20240210

 簡単にまとめると、ここ最近のインターネットの学級会は「傷ついた」という「身体的な体験」に基づくポピュリズム(リベラル)と、不都合な真実を暴露する「エビデンス主義」(アンチ・リベラル)が互いに争っている。そして、どちらの陣営からも「批評」や「ポストモダン思想」は嫌われることになったのである。
(綿野恵太『「逆張り」の研究』)



 正午起床。冷食の海老ピラフを食ったのち、コーヒーを飲みながらきのうづけの記事の続きを書く。
 14時半過ぎに(…)一家が到着する。おもてに出る。父も母も遅れてやってくる。(…)と(…)と対面。(…)は前回うちの両親と会ったときとくらべると多少人見知りがマシになっているのか、母からの質問に対してもやや恥ずかしそうにしつつもしっかり返事していた。父は(…)を抱かせてもらっていた。しかし(…)はすぐに大泣きしはじめた。母は(…)に黒ひげ危機一発を渡した。(…)や(…)がまだ小さかったころによく遊んだやつだ。

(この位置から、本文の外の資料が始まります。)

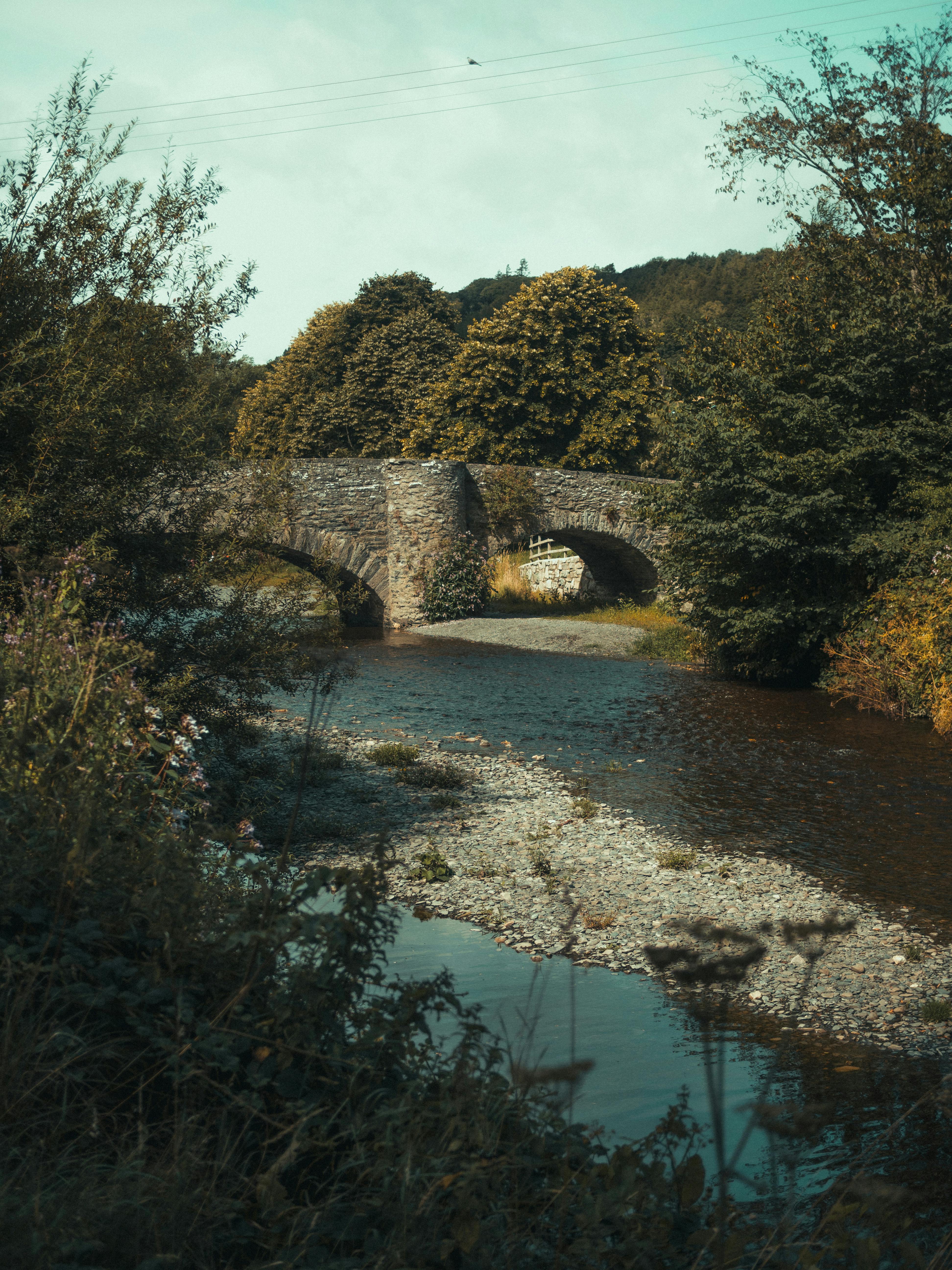 Charming stone bridge over a tranquil river in a lush forest setting, Llanfair Talhaiarn.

 助手席に乗りこむ。(…)へ。(…)のテンションは例によってかなり高い。平日であるにもかかわらず(…)付近はやたらと混雑していた——と思っていたのだが、それはこちらの勘違いであり、実際は三連休の初日なのだった。とはいえ、初詣の期間も過ぎた頃合いであるわけだし、そんなに混んでいることもないだろうと思っていたのだが、駐車場はほぼ満車、それで仕方なく駐車場の入り口で車を一時停止して、出ていく車をじっと待つ構えとなった。待ち時間はそれほど長くなかった。おとずれたのが15時ごろだったからだろう、参拝を終えて帰宅する客の姿がけっこう目立ったのだ。車内では明日(…)のうちに行かないかと誘われた。(…)一家は今日と明日の二日間、(…)の実家——とはいわないのか、両親の新居というべきか、そこに寝泊まりする予定だという。来週末はまた(…)と(…)のふたりがやってくるわけであるし、明日も(…)のところで半日過ごすとなると、日記の記述もふくめてかなりの時間をもっていかれることになるわけだし、となると出国までにイーディス・パールマンを読み終えることができないのではないかと少し考えたが、いやだいじょうぶだ、執筆の時間をいったん書見にあてればいいのだと思いなおした。
 参拝。(…)ちゃんは(…)を抱っこ。(…)は荷物持ち。そしてこちらはひたすら(…)の子守り。かなり混雑していたので、手をつなぎっぱなしのままで移動する。(…)のテンションはここでもめちゃくちゃ高かった。一家は今日の朝京都を発って(…)までやってきたわけだが、先生と会ったときに元気いっぱいでいれたほうがいいからお昼寝したほうがいいんじゃないのと(…)ちゃんが道中うながしたところ、ふだん昼寝を率先してしようなんてことはないのに、(…)はみずから寝よう寝ようと目をしっかりつむっていたらしい。そういうわけでフルチャージ済みの(…)はひっきりなしにしゃべり、飛び跳ね、子どもらしく多動に多動を重ねた。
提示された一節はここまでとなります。